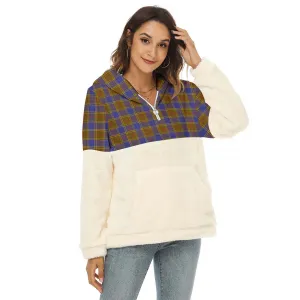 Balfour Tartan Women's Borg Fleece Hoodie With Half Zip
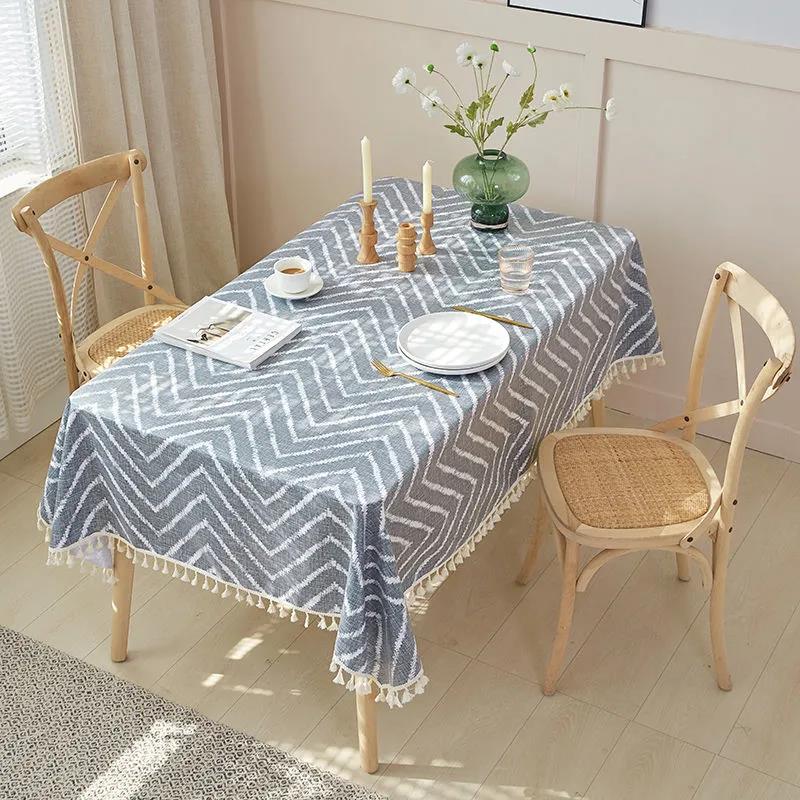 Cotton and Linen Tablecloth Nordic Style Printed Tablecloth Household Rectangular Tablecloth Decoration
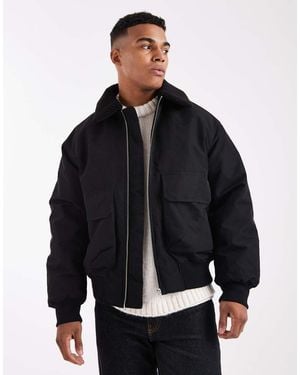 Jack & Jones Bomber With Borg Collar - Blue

Instructions to follow:
Restate all of the data word for word and include no pictures.

Your response:
 Balfour Tartan Women's Borg Fleece Hoodie With Half Zip
 Cotton and Linen Tablecloth Nordic Style Printed Tablecloth Household Rectangular Tablecloth Decoration
 Jack & Jones Bomber With Borg Collar - Blue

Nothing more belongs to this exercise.